In metastatic colorectal cancer (mCRC), the anti-vascular endothelial growth factor drug bevacizumab (BVZ) plus chemotherapy significantly improves progression-free survival compared to chemotherapy (CT) alone. This benefit is not, however, observed in all patients. While increased chemokine CXCL5 gene expression promoting angiogenesis has been proposed as a prognostic mCRC biomarker, few studies have examined its relationship with drug efficacy. This study sought to analyze tumor CXCL5 gene expression in six patients with different efficacy of BVZ-containing CT in terms of the tumor response to treatment.


We report six cases of stage IV KRAS-mutated mCRC. Patients were given first line treatment with BVZ-containing chemotherapy in University Hospital of Fuenlabrada. The six patients differed in terms of primary tumor location (right/left side), tumor burden (mostly hepatic and peritoneal disease) and clinical disease course. Before treatment onset, total RNA was isolated from paraffinated tumor biopsy specimens and CXCL5 gene expression quantified through conventional RT-qPCR procedures. Our main finding was that CXCL5 expression levels were several times higher in three patients with lower progression free survival (under 6 mo) from the start of treatment.


A higher expression of CXCL5 was observed in the three patients showing worse tumor response to treatment.

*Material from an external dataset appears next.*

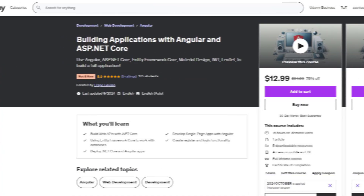If you want to learn more about building web applications with Angular and ASP.NET Core, buy my Udemy course today, in which we are going to build from scratch an application using Angular and ASP.NET Core. We also use a database and a user system so that users can register and login. Link with a discount to this course in the description of this video. Now let's get to the tutorial.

Keywords: Colorectal cancer, Bevacizumab, Chemokine CXCL5, Gene expression, Progression-free survival, Case report

Core tip: Although compared to chemotherapy (CT) alone, bevacizumab-containing CT leads to a significantly better tumor response in metastatic colorectal cancer patients, many do not benefit from this regimen probably due to resistance mechanisms or readjustment of proangiogenic pathways. While CXCL5 expression has been described to predict a poor prognosis in different cancers, its relationship with the efficacy of CT regimens has been scarcely addressed. Our three patients showing CXCL5 higher expression (6 times the levels recorded in the others) showed a poor response in terms of progression-free survival. Our observations provide direction for future studies designed to examine in metastatic colorectal cancer patients treated with bevacizumab-containing therapy, the possible association between CXCL5 gene overexpression and a poor response to treatment with angiogenic drugs.